Re: Parallel Aggregate

From: David Rowley <david(dot)rowley(at)2ndquadrant(dot)com>
To: Amit Kapila <amit(dot)kapila16(at)gmail(dot)com>
Cc: Robert Haas <robertmhaas(at)gmail(dot)com>, Haribabu Kommi <kommi(dot)haribabu(at)gmail(dot)com>, Paul Ramsey <pramsey(at)cleverelephant(dot)ca>, "pgsql-hackers(at)postgresql(dot)org" <pgsql-hackers(at)postgresql(dot)org>
Subject: Re: Parallel Aggregate
Date: 2016-03-17 05:05:42
Message-ID: CAKJS1f-dYhv+1_Sgudv5r_cP-XgVuD8EaKrOmJJrozepsn=e=A@mail.gmail.com
Views: Raw Message | Whole Thread | Download mbox | Resend email
Thread:
Lists: pgsql-hackers

On 17 March 2016 at 01:19, Amit Kapila <amit(dot)kapila16(at)gmail(dot)com> wrote:
> Few assorted comments:
>
> 1.
> /*
> + * Determine if it's possible to perform aggregation in parallel using
> + * multiple worker processes. We can permit this when there's at least one
> + * partial_path in input_rel, but not if the query has grouping sets,
> + * (although this likely just requires a bit more thought). We must also
> + * ensure that any aggregate functions which are present in either the
> + * target list, or in the HAVING clause all support parallel mode.
> + */
> + can_parallel = false;
> +
> + if ((parse->hasAggs || parse->groupClause != NIL) &&
> + input_rel->partial_pathlist != NIL &&
> + parse->groupingSets == NIL &&
> + root->glob->parallelModeOK)
>
> I think here you need to use has_parallel_hazard() with second parameter as
> false to ensure expressions are parallel safe. glob->parallelModeOK flag
> indicates that there is no parallel unsafe expression, but it can still
> contain parallel restricted expression.
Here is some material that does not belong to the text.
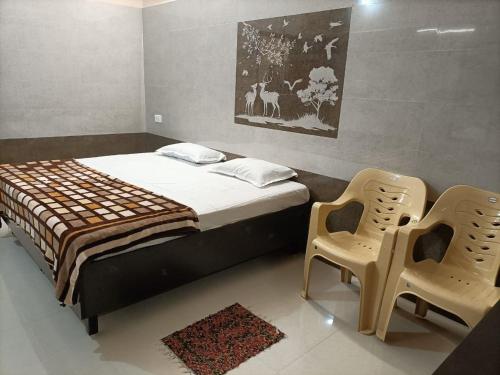 a bedroom with a bed and two chairs in it at Hillview Cottage in Kuttālam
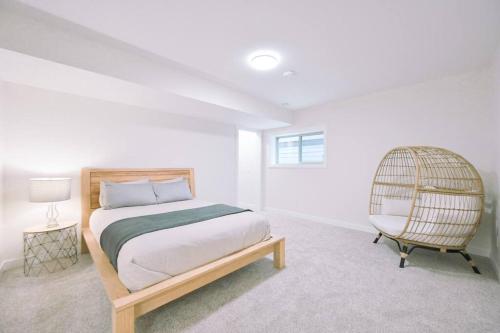 a bedroom with a bed and a chair at Oasis Getaway, Mins to Lake, King Bed, Dbl Garage in Invermere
Yes, I'd not gotten to fixing that per Robert's original comment about
it, but I think I have now.

> 2.
> AggPath *
> create_agg_path(PlannerInfo *root,
> @@ -2397,9 +2399,11 @@ create_agg_path(PlannerInfo *root,
>
> List *groupClause,
> List *qual,
> const AggClauseCosts
> *aggcosts,
> - double numGroups)
> + double numGroups,
> +
> bool combineStates,
> + bool finalizeAggs)
>
> Don't you need to set parallel_aware flag in this function as we do for
> create_seqscan_path()?

I don't really know the answer to that... I mean there's nothing
special done in nodeAgg.c if the node is running in a worker or in the
main process. So I guess the only difference is that EXPLAIN will read
"Parallel Partial (Hash|Group)Aggregate" instead of "Partial
(Hash|Group)Aggregate", is that desired? What's the logic behind
having "Parallel" in EXPLAIN?

> 3.
> postgres=# explain select count(*) from t1;
> QUERY PLAN
>
> --------------------------------------------------------------------------------
> ------
> Finalize Aggregate (cost=45420.57..45420.58 rows=1 width=8)
> -> Gather (cost=45420.35..45420.56 rows=2 width=8)
> Number of Workers: 2
> -> Partial Aggregate (cost=44420.35..44420.36 rows=1 width=8)
> -> Parallel Seq Scan on t1 (cost=0.00..44107.88 rows=124988
> wid
> th=0)
> (5 rows)
>
> Isn't it better to call it as Parallel Aggregate instead of Partial
> Aggregate. Initialy, we have kept Partial for seqscan, but later on we
> changed to Parallel Seq Scan, so I am not able to think why it is better to
> call Partial incase of Aggregates.

I already commented on this.

> 4.
> /*
> + * Likewise for any partial paths, although this case is more simple as
> +
> * we don't track the cheapest path.
> + */
> + foreach(lc, current_rel->partial_pathlist)
> +
> {
> + Path *subpath = (Path *) lfirst(lc);
> +
> + Assert(subpath->param_info ==
> NULL);
> + lfirst(lc) = apply_projection_to_path(root, current_rel,
> +
> subpath, scanjoin_target);
> + }
> +
>
>
> Can't we do this by teaching apply_projection_to_path() as done in the
> latest patch posted by me to push down the target list beneath workers [1].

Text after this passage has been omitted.